I am interested in recent postings and I want to offer a description of my use of Eye Movement Desensitization and Reprocessing (EMDR) and comment on what I experience, possibly as the most important aspect of the method. I have considerable appreciation for Dr. Roger Solomon’s experience and teaching regarding this topic (see his posting, this section). My comments here are not new to those who use EMDR, however they emphasize an aspect that is so important that I hope discussion of it is still useful.
EMDR has been a major part of my work in community mental health since 1989. Because I do primarily critical incident management and crisis intervention, the number of sessions I spend with a client is limited to no more than a few. Therefore, I generally use EMDR with clients who have experienced a recent (or relatively discrete) trauma. When I encounter dissociative disorders, multiple unresolved traumas of childhood, or histories of a very severe nature, I refer to other EMDR practitioners in my community who are able to see the client over a greater number of sessions and use the method combined with a wider variety of strategies.
Targeting clients who have experienced recent trauma, I often use EMDR together with CISM interventions including, but not limited to, defusing, debriefing, 1:1, and several educational and supportive strategies. Clients have benefited from EMDR together with a variety of CISM interventions (always including information about psychological and physiological impact of trauma) to prepare them for a group debriefing when they want to participate but are too traumatized to do so without additional assistance. Also, clients who have not fully resolved their symptoms following other CISM interventions frequently are able to move forward after participating in brief EMDR treatment.
Persons who, in my experience, have benefited from EMDR include emergency personnel dealing with a wide variety of critical incidents (often line of duty death of close associates), people dealing with suicide or other traumatic deaths of family members, parents dealing with loss of children, victims of crime, etc. EMDR work with the citizens and emergency providers of Oklahoma City following the bombing of the Murrah Building is among the most encouraging work I have been privileged to be part of during my career. The reason it was so inspiring is that gains made were frequently both rapid and profound, and methods of resolution were particularly uplifting to those involved.

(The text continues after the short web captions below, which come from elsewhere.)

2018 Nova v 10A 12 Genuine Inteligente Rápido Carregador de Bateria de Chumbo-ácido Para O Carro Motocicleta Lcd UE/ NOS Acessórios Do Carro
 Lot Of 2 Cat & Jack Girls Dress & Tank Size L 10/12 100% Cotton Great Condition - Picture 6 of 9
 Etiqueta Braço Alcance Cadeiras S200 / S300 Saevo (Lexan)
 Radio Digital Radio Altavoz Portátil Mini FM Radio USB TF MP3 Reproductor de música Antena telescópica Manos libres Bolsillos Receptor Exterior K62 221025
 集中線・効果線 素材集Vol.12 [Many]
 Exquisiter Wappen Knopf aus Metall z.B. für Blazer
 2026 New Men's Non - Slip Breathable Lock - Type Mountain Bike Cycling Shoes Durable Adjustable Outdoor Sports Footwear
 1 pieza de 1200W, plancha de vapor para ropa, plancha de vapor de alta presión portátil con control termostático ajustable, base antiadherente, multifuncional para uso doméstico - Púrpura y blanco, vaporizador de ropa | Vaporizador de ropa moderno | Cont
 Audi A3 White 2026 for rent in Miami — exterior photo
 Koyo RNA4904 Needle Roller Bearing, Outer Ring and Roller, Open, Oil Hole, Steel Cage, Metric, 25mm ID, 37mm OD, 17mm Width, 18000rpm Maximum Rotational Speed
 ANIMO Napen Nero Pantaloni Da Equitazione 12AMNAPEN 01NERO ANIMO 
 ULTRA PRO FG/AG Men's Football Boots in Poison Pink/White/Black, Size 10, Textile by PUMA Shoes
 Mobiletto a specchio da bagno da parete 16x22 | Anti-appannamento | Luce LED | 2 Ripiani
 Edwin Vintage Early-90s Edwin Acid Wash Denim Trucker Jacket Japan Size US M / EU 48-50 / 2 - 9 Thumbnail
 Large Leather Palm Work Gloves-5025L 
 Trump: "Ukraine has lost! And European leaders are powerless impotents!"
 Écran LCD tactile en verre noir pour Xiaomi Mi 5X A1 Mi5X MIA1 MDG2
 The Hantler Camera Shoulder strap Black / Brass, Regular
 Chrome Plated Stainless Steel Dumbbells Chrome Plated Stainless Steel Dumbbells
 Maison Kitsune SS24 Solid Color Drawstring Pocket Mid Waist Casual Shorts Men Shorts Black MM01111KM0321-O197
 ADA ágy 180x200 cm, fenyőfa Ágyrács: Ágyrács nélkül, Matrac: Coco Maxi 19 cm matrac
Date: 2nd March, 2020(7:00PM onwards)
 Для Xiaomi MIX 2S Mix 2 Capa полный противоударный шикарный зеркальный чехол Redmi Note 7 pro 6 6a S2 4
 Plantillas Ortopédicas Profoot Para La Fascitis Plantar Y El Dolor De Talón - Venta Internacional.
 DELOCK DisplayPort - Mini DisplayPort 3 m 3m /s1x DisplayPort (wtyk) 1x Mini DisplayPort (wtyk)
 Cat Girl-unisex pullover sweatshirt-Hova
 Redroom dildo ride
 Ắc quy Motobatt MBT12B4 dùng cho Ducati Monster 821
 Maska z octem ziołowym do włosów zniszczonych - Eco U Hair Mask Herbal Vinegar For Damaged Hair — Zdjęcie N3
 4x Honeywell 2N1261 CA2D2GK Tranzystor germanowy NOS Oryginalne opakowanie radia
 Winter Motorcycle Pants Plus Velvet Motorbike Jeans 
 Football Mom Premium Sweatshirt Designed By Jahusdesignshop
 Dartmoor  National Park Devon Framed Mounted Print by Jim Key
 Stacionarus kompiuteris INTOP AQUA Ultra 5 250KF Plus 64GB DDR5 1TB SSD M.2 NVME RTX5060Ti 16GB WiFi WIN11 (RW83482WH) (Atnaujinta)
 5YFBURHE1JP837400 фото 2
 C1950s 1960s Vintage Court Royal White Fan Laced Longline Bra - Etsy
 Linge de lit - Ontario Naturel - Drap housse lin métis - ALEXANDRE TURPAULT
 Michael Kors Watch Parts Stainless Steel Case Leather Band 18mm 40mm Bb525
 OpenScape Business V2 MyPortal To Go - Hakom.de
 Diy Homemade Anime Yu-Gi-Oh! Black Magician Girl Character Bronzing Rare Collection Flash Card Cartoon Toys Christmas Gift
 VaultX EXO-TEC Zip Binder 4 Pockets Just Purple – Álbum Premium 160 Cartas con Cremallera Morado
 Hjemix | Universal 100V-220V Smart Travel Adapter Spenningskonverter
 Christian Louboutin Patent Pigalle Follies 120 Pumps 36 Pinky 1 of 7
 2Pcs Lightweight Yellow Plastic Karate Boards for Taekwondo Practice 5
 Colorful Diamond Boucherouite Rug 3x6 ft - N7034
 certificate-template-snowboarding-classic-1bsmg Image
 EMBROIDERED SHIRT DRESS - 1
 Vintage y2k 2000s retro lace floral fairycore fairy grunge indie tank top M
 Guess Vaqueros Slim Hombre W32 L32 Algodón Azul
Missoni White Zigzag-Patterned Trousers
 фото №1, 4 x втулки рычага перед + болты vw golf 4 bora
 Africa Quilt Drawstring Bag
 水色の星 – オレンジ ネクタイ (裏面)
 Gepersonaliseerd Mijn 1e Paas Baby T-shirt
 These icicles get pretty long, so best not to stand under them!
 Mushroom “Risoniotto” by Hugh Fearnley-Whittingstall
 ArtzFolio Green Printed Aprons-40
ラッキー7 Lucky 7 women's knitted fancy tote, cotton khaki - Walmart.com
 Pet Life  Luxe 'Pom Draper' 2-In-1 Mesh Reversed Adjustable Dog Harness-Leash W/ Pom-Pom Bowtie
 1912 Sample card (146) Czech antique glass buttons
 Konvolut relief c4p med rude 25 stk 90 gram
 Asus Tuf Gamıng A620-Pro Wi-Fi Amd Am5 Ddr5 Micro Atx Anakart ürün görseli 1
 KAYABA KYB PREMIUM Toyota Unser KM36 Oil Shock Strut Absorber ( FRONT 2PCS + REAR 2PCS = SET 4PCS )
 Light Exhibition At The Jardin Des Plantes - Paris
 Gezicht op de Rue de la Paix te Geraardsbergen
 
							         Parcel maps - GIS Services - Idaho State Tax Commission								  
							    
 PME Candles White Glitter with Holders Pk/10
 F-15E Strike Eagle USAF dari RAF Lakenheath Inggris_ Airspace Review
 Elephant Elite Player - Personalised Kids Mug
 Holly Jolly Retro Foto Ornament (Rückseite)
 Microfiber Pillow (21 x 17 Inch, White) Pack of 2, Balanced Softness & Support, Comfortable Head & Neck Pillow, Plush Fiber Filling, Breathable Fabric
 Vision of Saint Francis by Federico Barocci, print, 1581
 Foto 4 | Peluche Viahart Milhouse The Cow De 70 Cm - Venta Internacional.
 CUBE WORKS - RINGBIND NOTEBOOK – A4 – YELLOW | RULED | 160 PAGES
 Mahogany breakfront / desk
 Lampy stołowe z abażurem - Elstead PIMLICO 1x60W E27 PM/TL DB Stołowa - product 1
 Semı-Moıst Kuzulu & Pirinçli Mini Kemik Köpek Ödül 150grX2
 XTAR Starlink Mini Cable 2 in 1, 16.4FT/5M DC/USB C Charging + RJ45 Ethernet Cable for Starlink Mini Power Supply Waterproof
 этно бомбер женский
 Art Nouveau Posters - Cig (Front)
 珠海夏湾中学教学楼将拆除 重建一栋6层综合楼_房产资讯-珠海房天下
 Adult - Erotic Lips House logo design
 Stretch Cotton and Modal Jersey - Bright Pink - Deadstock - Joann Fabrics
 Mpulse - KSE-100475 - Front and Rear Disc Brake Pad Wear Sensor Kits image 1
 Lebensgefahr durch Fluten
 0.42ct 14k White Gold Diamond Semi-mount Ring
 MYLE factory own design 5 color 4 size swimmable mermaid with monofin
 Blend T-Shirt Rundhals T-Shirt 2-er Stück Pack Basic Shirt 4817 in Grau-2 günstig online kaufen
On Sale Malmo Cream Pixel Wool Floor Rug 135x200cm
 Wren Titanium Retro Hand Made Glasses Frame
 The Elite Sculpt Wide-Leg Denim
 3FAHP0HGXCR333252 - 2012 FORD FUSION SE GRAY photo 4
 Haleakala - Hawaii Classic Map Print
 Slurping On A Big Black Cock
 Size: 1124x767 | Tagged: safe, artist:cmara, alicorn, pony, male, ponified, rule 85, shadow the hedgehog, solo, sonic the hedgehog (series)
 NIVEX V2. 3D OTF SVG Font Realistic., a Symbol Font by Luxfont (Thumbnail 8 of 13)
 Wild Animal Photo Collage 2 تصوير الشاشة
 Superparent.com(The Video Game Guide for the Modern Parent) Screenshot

Aside from the rapid and thorough treatment of signs and symptoms of trauma, I have been most struck by the recurrently unique, individualized resolutions clients come to as a result of the use of EMDR. Presumably this is because EMDR work is done largely by the client, with assistance, but not usually direction from the clinician. Certainly our professional understanding of trauma is increasing rapidly and competent practitioners must be familiar with the patterns of likely resolution for a variety of traumatic experiences, however clients in my practice seem to move to more original resolutions with less guidance from me since the introduction of EMDR.
The work, though brief, now takes many more invigorating, surprising and transformational turns than with many other approaches, and the level of resolution and individual variation is much greater now. Previous outcomes, especially in very brief treatment, seemed more homogeneous, often helping traumatized people live more creatively and comfortably with a considerable level of pain or dysfunction. Now I see more clients freeing themselves from the pain and/or transforming it to illuminating and often liberating resolution. It is certainly this dynamic, in part, that Dr. Shapiro identified when she added "reprocessing" to the constellation of words describing EMDR.
In my clinical experience, dramatically individual variations of resolution are a common outcome of EMDR and outcomes appropriate to the client’s unique needs seem far more hopeful and exciting than before. When I began using EMDR, I was looking for effective workable reduction of the pain clients endured and often adjusted to following their traumatic experiences. What I observe now, however, is somehow far more unique and individualized, evidencing more complete resolution of symptoms and a more affirming view of self, others, and the world. Thus EMDR shows itself to be highly respectful of the client’s own strength and resiliency and greatly encouraging both to me and to them.